To what lengths will other groups go to assert their own sovereignty?
THE Lakota Indians, who gave the world legendary warriors Sitting Bull and Crazy Horse, have withdrawn from treaties with the US.
"We are no longer citizens of the United States of America and all those who live in the five-state area that encompasses our country are free to join us,'' long-time Indian rights activist Russell Means said.
A delegation of Lakota leaders has delivered a message to the State Department, and said they were unilaterally withdrawing from treaties they signed with the federal government of the US, some of them more than 150 years old.
The group also visited the Bolivian, Chilean, South African and Venezuelan embassies, and would continue on their diplomatic mission and take it overseas in the coming weeks and months.
Lakota country includes parts of the states of Nebraska, South Dakota, North Dakota, Montana and Wyoming.
The new country would issue its own passports and driving licences, and living there would be tax-free - provided residents renounce their US citizenship, Mr Means said.
The treaties signed with the US were merely "worthless words on worthless paper," the Lakota freedom activists said.
Withdrawing from the treaties was entirely legal, Means said.
"This is according to the laws of the United States, specifically article six of the constitution,'' which states that treaties are the supreme law of the land, he said.
``It is also within the laws on treaties passed at the Vienna Convention and put into effect by the US and the rest of the international community in 1980. We are legally within our rights to be free and independent,'' said Means.

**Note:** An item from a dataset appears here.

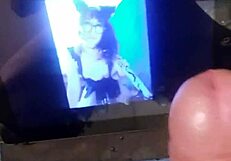 tributo to angeles del mar jerking her shecock solo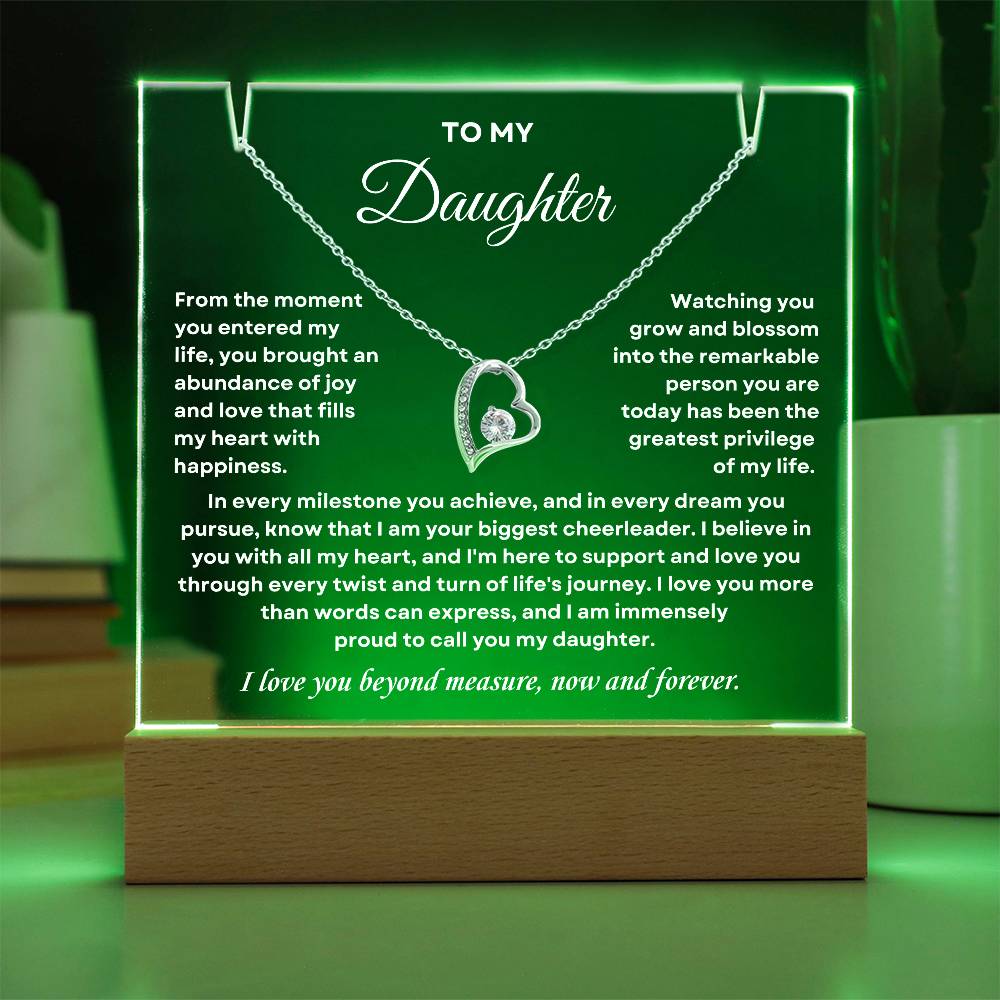 To my daughter, I am proud to call you my Daughter (Necklace and Plaque Bundle)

The Lakota relaunched their journey to freedom in 1974, when they drafted a declaration of continuing independence -- an overt play on the title of the United States' Declaration of Independence from England.
In stating why the Lakota are declaring independence from the United States, they are unsparing and candid about the “colonial apartheid system imposed on the Lakota Sioux.”

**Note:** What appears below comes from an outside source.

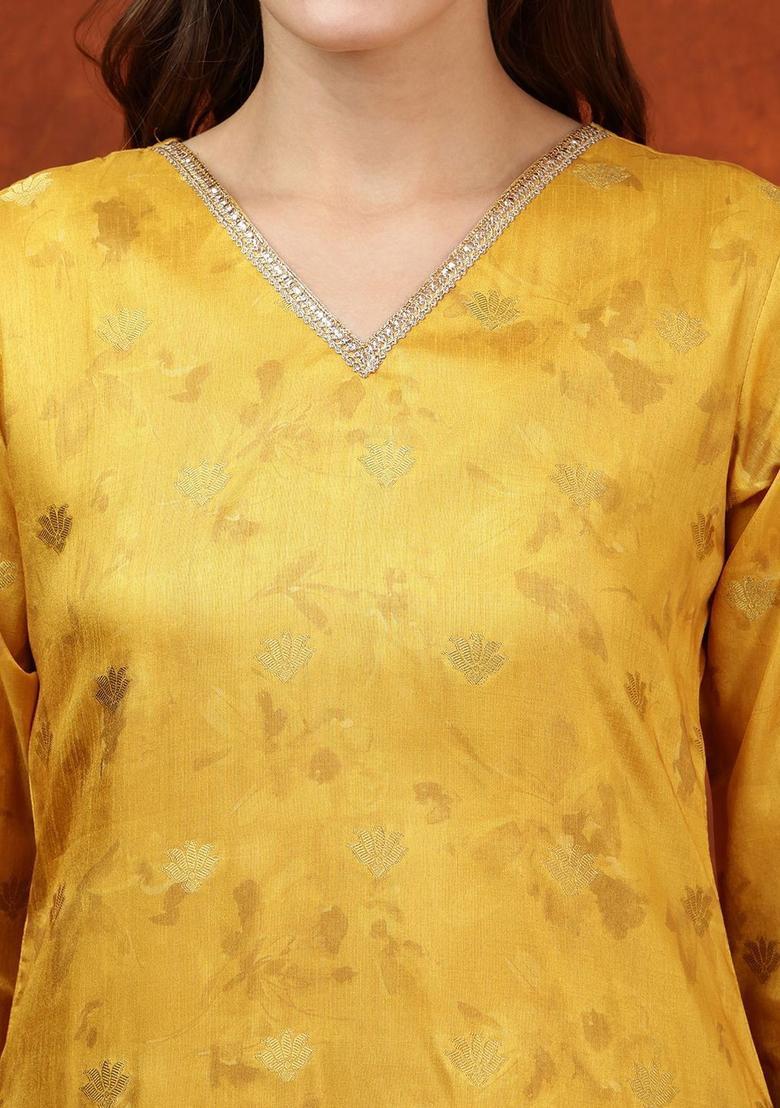 Yellow Solid Cotton Blend Kurta Set - Indya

The devastation this has wrought is clear:
• Lakota men have a life expectancy of less than 44 years, lowest of any country in the World (excluding AIDS) including Haiti.
• The Lakota infant mortality rate is 5x the U.S. Average.
• The Tuberculosis rate on Lakota reservations is approx 800% higher than the U.S national average.
• 97% of our Lakota people live below the poverty line.
• Unemployment rates on our reservations are approximately 85%.
• Teenage suicide rate is 150% higher than the U.S national average for this group.
• Our Lakota language is an Endangered Language, on the verge of extinction.